Валаамова ослица Ф. Достоевского (Смердяков – «человек ressentiment»?)
УДК 177+ 882,168.522
Фишман Л.Г. Валаамова ослица Ф. Достоевского (Смердяков – «человек ressentiment»?) // Вестник культурологии. 2024. № 1. С. 64-80. DOI: 10.31249/hoc/2024.01.04. список ВАК
Статья посвящена рассмотрению правомерности интерпретации образа героя произведения Ф.М. Достоевского «Братья Карамазовы» Павла Смердякова как «человека ressentiment». В связи с этим анализируется ценностное содержание концепции ресентимента Ф. Ницше и М. Шелера. Обосновывается, что в центре этой концепции находится образ аристократа-«барина», с позиции которого любое поползновение «раба» обрести достоинство расценивается как проявление душевной и физической ущербности – ресентимент. В статье показано, что Достоевский действительно вывел Смердякова как тип, имеющий большое сходство с «человеком ресентимента», но не сводящийся к таковому. Причиной кардинальных расхождений является то, что пронизанный ресентиментом герой Достоевского помещен в ценностный универсум, в котором надменный барский взгляд, ищущий ресентимент у других, не поощряется. Достоевский слишком сильно сочувствовал униженным и оскорбленным и слишком явно отождествлял себя с ними, чтобы последовательно встать на позицию ницшевско-шелеровского аристократа, ищущего ресентимент у бунтующего раба.
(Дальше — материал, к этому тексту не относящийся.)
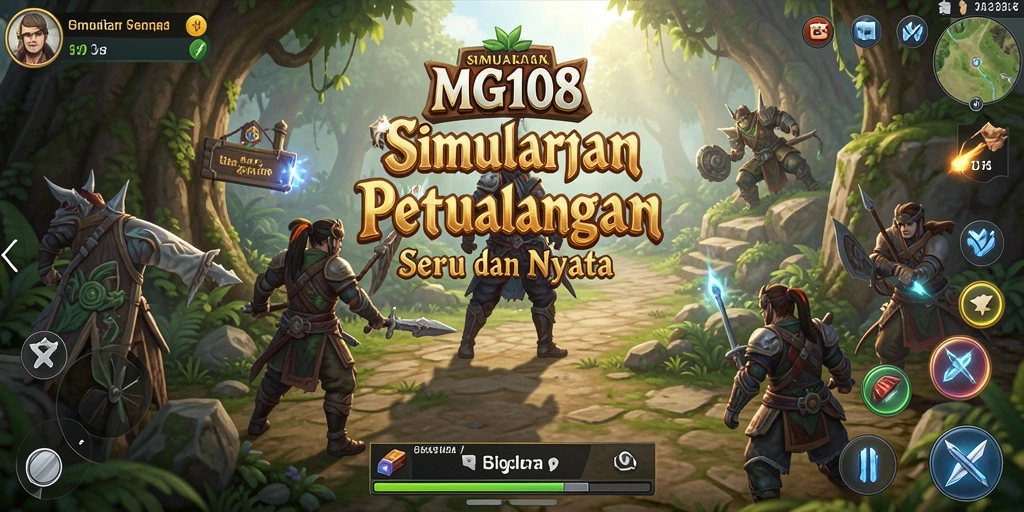 Tampilan utama MG108 menunjukkan aksi gameplay simulation yang menarik.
The article examines the validity of the interpretation of the character image of Pavel Smerdyakov in F.M. Dostoevsky's novel “The Brothers Karamazov” as a “man of ressentiment”. In this regard, the author analyzes the value content of F. Nietzsche's and M. Scheler's concept of ressentiment. The author substantiates that at the center of this concept is the image of an aristocratic “lord”, from whose position any attempt by a “slave” to gain dignity is regarded as a manifestation of mental and physical deficiency – ressentiment. The article shows that Dostoevsky really brought out Smerdyakov as a type that has a great resemblance to the “man of ressentiment”, but is not reduced to it. The reason for the cardinal differences is that Dostoyevsky's character, permeated with ressentiment, is placed in a value universum in which the haughty, lordly gaze that seeks ressentiment in others is not encouraged. Dostoevsky sympathized too much with the humiliated and insulted and he identified with them too clearly to consistently take the position of a Nietzschean-Schelerian aristocrat searching for ressentiment in a rebellious slave.